**PROBLEM TO WORK ON**
Output every record exactly, apart from its images.

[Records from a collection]
⟨
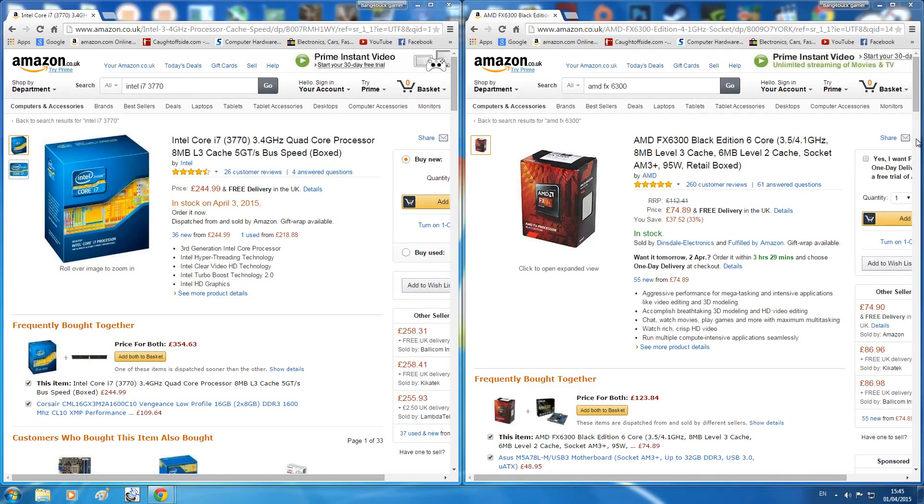Hey guys, it's Bang4BoutPCGamer here. I'm going to do this video about two different processors from completely different price points. I'm going to be comparing the AMD FX 6300 Black Edition, which is a 6-core processor going for about £74.89 in the UK right now. It comes with 6 cores and has a clock speed of 3.5 to 4.1 GHz depending on boost, and it's an all-around good multimedia and gaming processor at a very good price point.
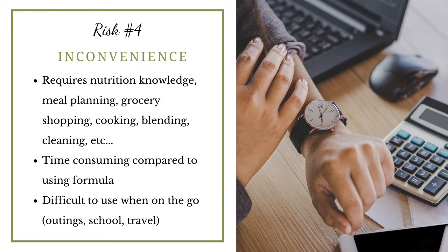Another risk is that a blended diet is much less convenient compared to commercial formula. It requires nutrition knowledge, meal planning, grocery shopping, cooking, blending, and clean up — it is a lot of work and very time consuming. It is also difficult to use on the go: school can be a challenge for keeping blends refrigerated properly, and travelling is more challenging — are you going to bring a blender? These are all barriers that can probably be overcome, but they're worth thinking about when deciding whether to include blends in your child's diet.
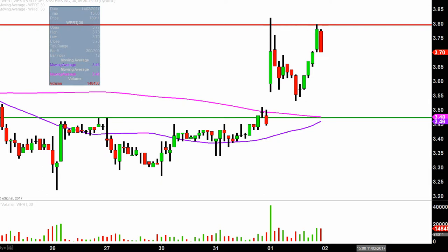All in all though, no doubt about it, nice move today. Now it's just a matter of: can the bulls build upon this momentum going forward? We shall see.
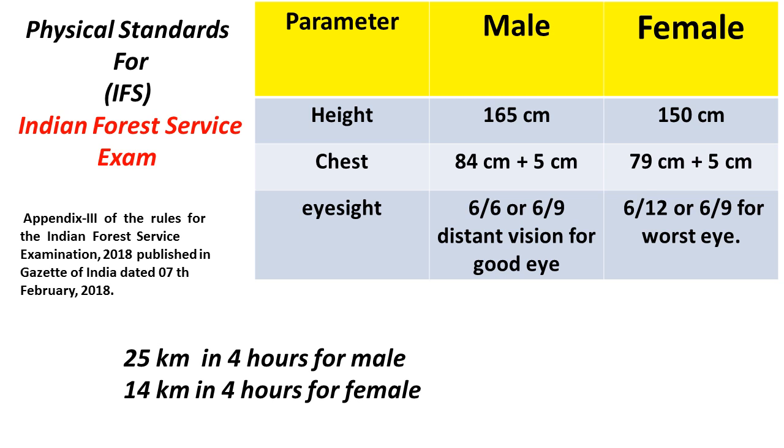For eyesight, it should be 6/6 or 6/9 distance vision for the good eye, and 6/12 or 6/9 for the worst eye. They have also mentioned color blindness and all the detailed requirements are given in Appendix 3 of the document.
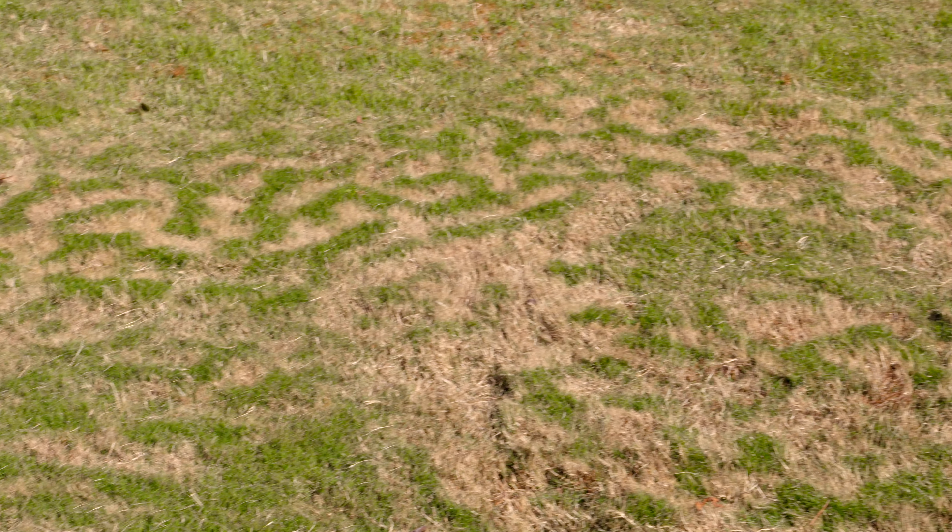You go out in the lawn and you see all these weird stripes and you think, oh my goodness, do I have like army worms or what is this? Well, it's just frost damage is all it is.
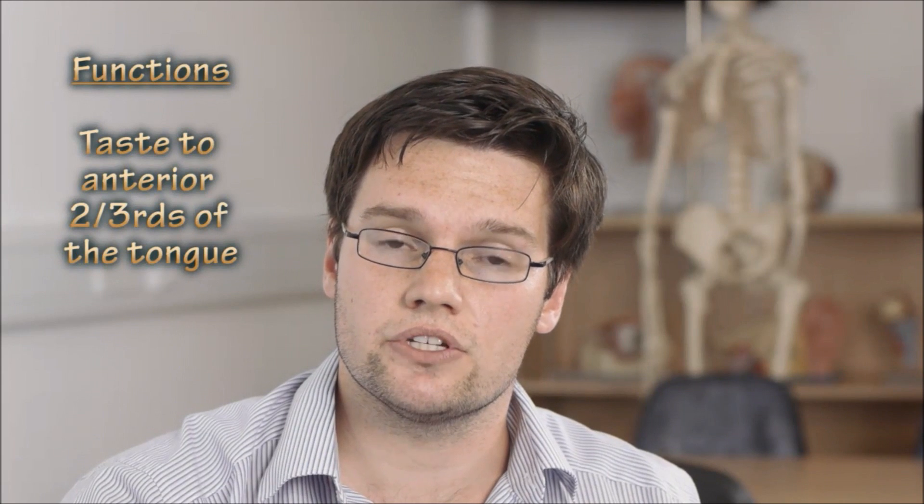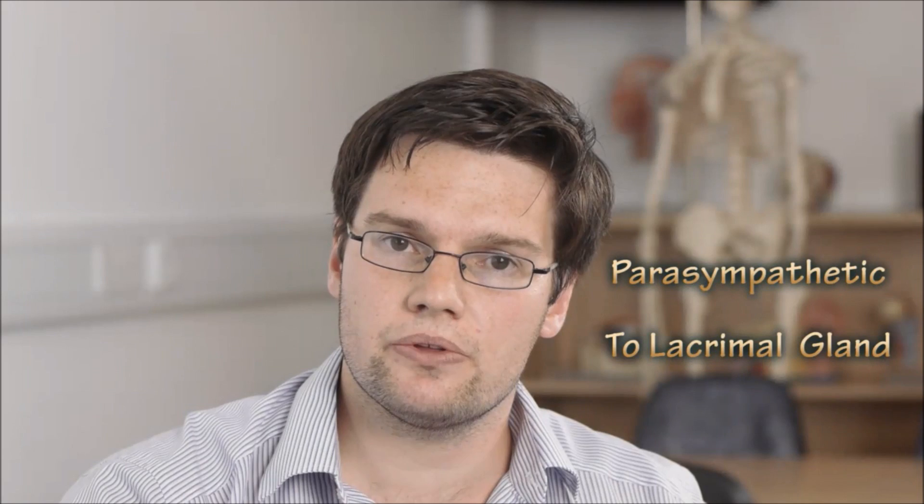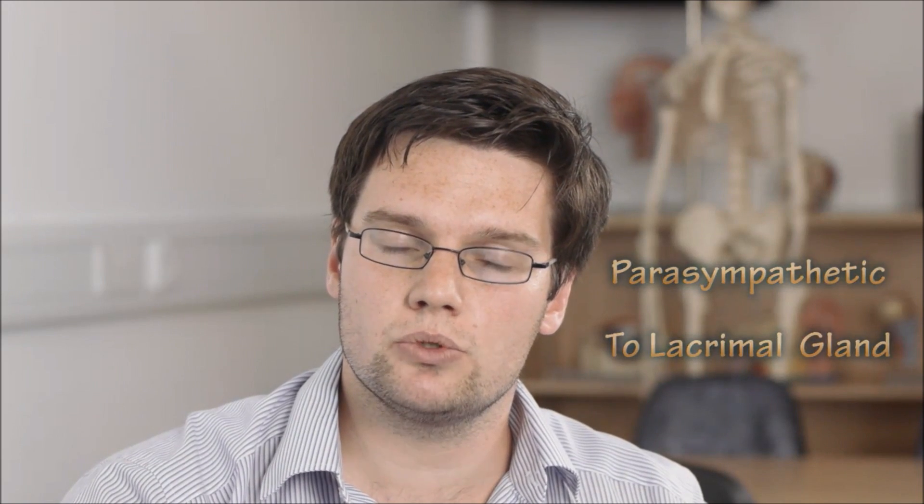Cranial nerve 7 is called the facial nerve. Its functions are taste to the anterior two-thirds of the tongue, the muscles of facial expression, it's the efferent arm of the corneal reflex, and it provides a parasympathetic supply to the lacrimal, submandibular, and sublingual glands.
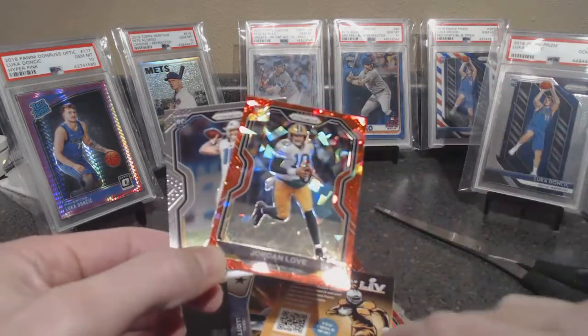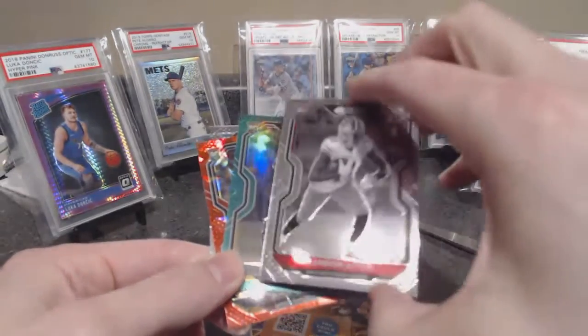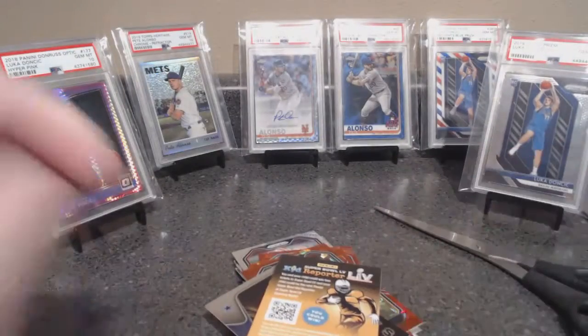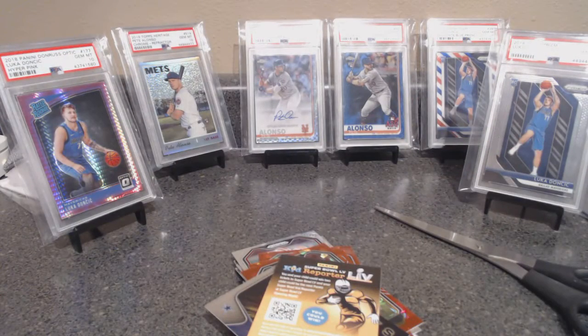So we got quarterbacks galore — Jordan Love, Justin Herbert, and Brandon Aiyuk black and white photo variation. What a rip, what a rip, and it was on camera! Nice. Thanks for watching folks, keep watching for more and see if I get my hands on some more of this Prism.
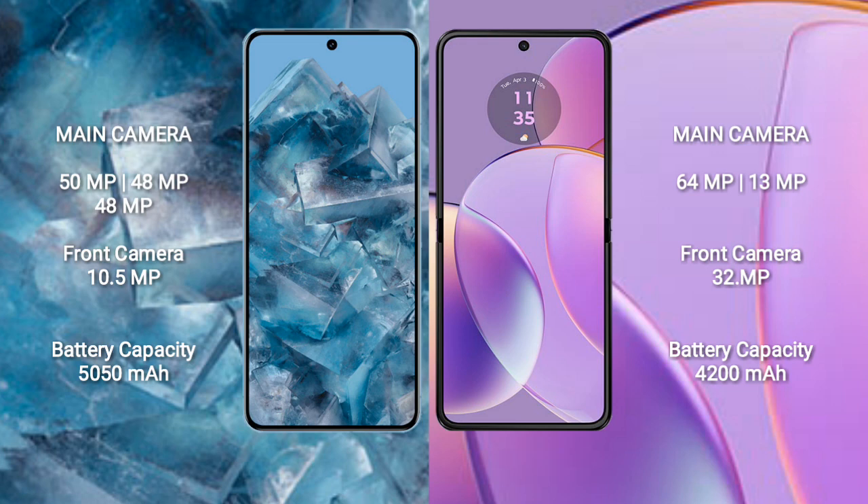Google Pixel 8 Pro features a rear triple camera setup with 50MP, 48MP, and 48MP lenses, and a front camera of 10.5MP.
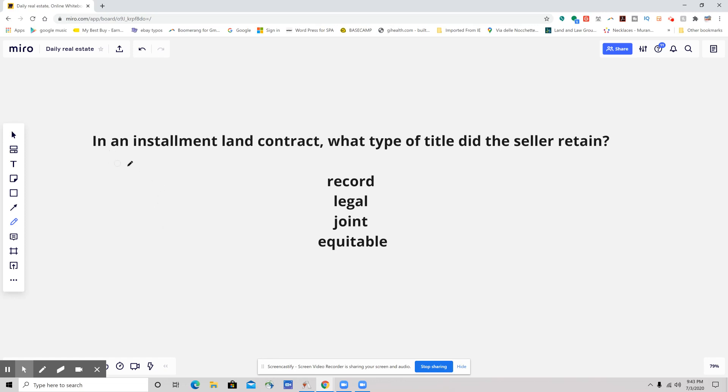The question says: in an installment land contract, what type of title did the seller retain? So let's talk about a land contract.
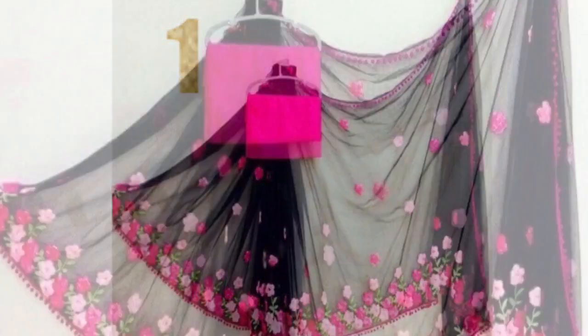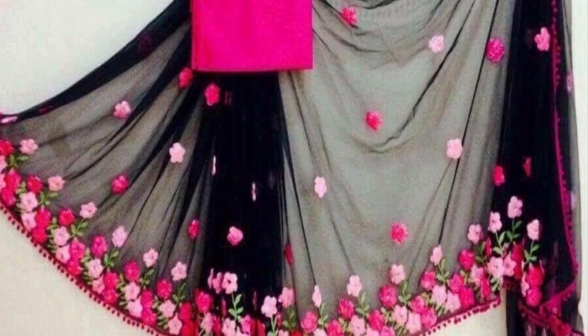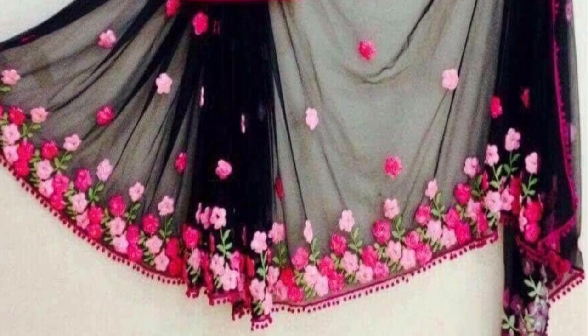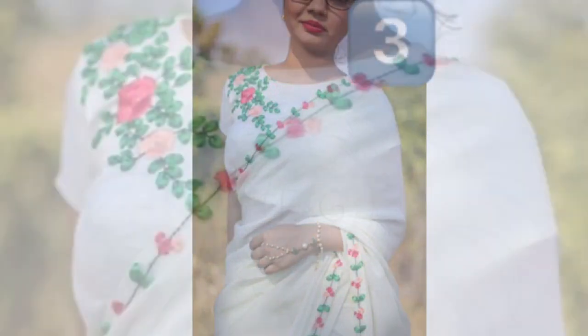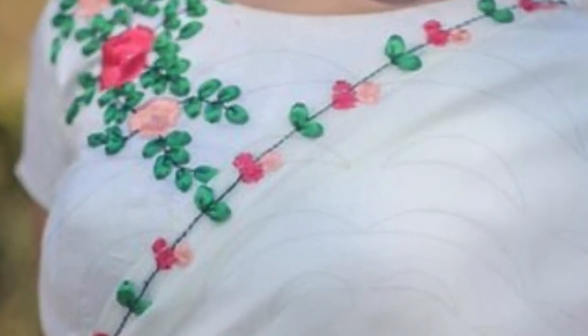Hello everyone! Welcome to Trendy Outfits and Accessories. In this video, I'll show you a series and my picks. This same model series, stitch and design you can deliver.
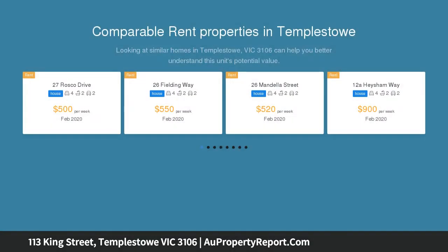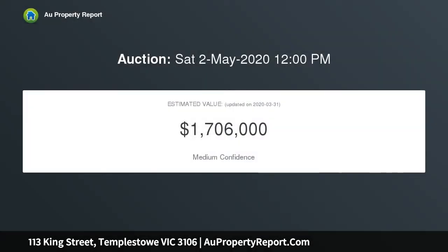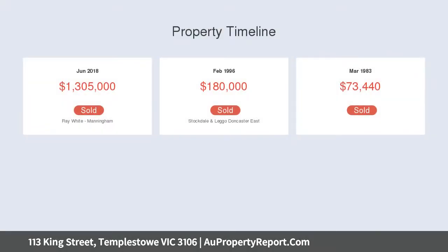Private inspections only by appointment, photo ID required. This deceptively spacious residence, with outstanding views to Kinglake National Park and the Yarra Ranges, on land of 1001 SQM approximately, is in the coveted East Doncaster Secondary College and Circle Primary School Zones.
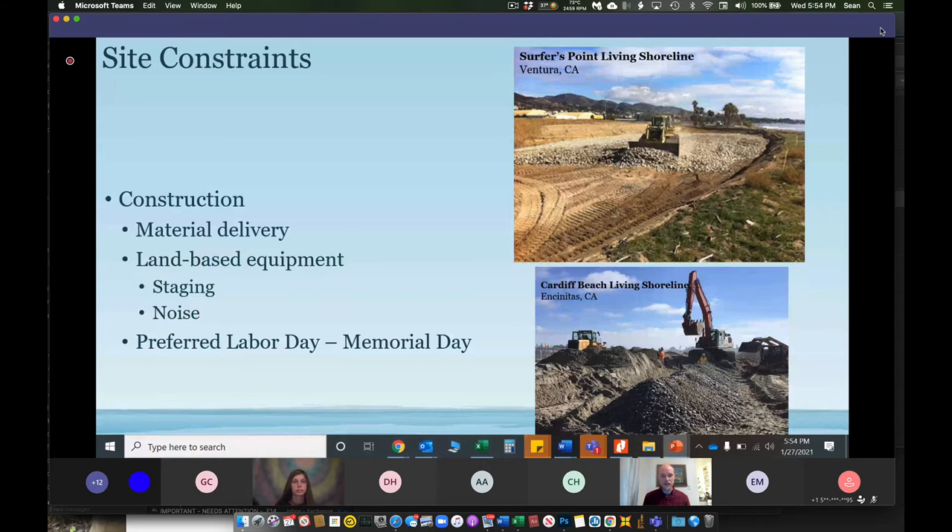Construction will be another constraint, though it's anticipated to be feasible. Material delivery historically through Ash Avenue has been a burden on some residents, so we are considering other methods to bring sediment to the beach — maybe Linden Avenue placement, Ash Avenue placement, or dredge pipeline placement. Land-based equipment will likely be used for construction of the living shoreline, including bulldozers and excavators. These create a lot of noise and need staging areas, so the preferred timing of a construction project is Labor Day to Memorial Day to avoid the highest public use times during summer.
⟩
**EXPECTED ANSWER**
Hey guys, it's Bang4BoutPCGamer here. I'm going to do this video about two different processors from completely different price points. I'm going to be comparing the AMD FX 6300 Black Edition, which is a 6-core processor going for about £74.89 in the UK right now. It comes with 6 cores and has a clock speed of 3.5 to 4.1 GHz depending on boost, and it's an all-around good multimedia and gaming processor at a very good price point.
Another risk is that a blended diet is much less convenient compared to commercial formula. It requires nutrition knowledge, meal planning, grocery shopping, cooking, blending, and clean up — it is a lot of work and very time consuming. It is also difficult to use on the go: school can be a challenge for keeping blends refrigerated properly, and travelling is more challenging — are you going to bring a blender? These are all barriers that can probably be overcome, but they're worth thinking about when deciding whether to include blends in your child's diet.
All in all though, no doubt about it, nice move today. Now it's just a matter of: can the bulls build upon this momentum going forward? We shall see.
For eyesight, it should be 6/6 or 6/9 distance vision for the good eye, and 6/12 or 6/9 for the worst eye. They have also mentioned color blindness and all the detailed requirements are given in Appendix 3 of the document.
You go out in the lawn and you see all these weird stripes and you think, oh my goodness, do I have like army worms or what is this? Well, it's just frost damage is all it is.
Cranial nerve 7 is called the facial nerve. Its functions are taste to the anterior two-thirds of the tongue, the muscles of facial expression, it's the efferent arm of the corneal reflex, and it provides a parasympathetic supply to the lacrimal, submandibular, and sublingual glands.
So we got quarterbacks galore — Jordan Love, Justin Herbert, and Brandon Aiyuk black and white photo variation. What a rip, what a rip, and it was on camera! Nice. Thanks for watching folks, keep watching for more and see if I get my hands on some more of this Prism.
Google Pixel 8 Pro features a rear triple camera setup with 50MP, 48MP, and 48MP lenses, and a front camera of 10.5MP.
The question says: in an installment land contract, what type of title did the seller retain? So let's talk about a land contract.
Hello everyone! Welcome to Trendy Outfits and Accessories. In this video, I'll show you a series and my picks. This same model series, stitch and design you can deliver.
Private inspections only by appointment, photo ID required. This deceptively spacious residence, with outstanding views to Kinglake National Park and the Yarra Ranges, on land of 1001 SQM approximately, is in the coveted East Doncaster Secondary College and Circle Primary School Zones.
Construction will be another constraint, though it's anticipated to be feasible. Material delivery historically through Ash Avenue has been a burden on some residents, so we are considering other methods to bring sediment to the beach — maybe Linden Avenue placement, Ash Avenue placement, or dredge pipeline placement. Land-based equipment will likely be used for construction of the living shoreline, including bulldozers and excavators. These create a lot of noise and need staging areas, so the preferred timing of a construction project is Labor Day to Memorial Day to avoid the highest public use times during summer.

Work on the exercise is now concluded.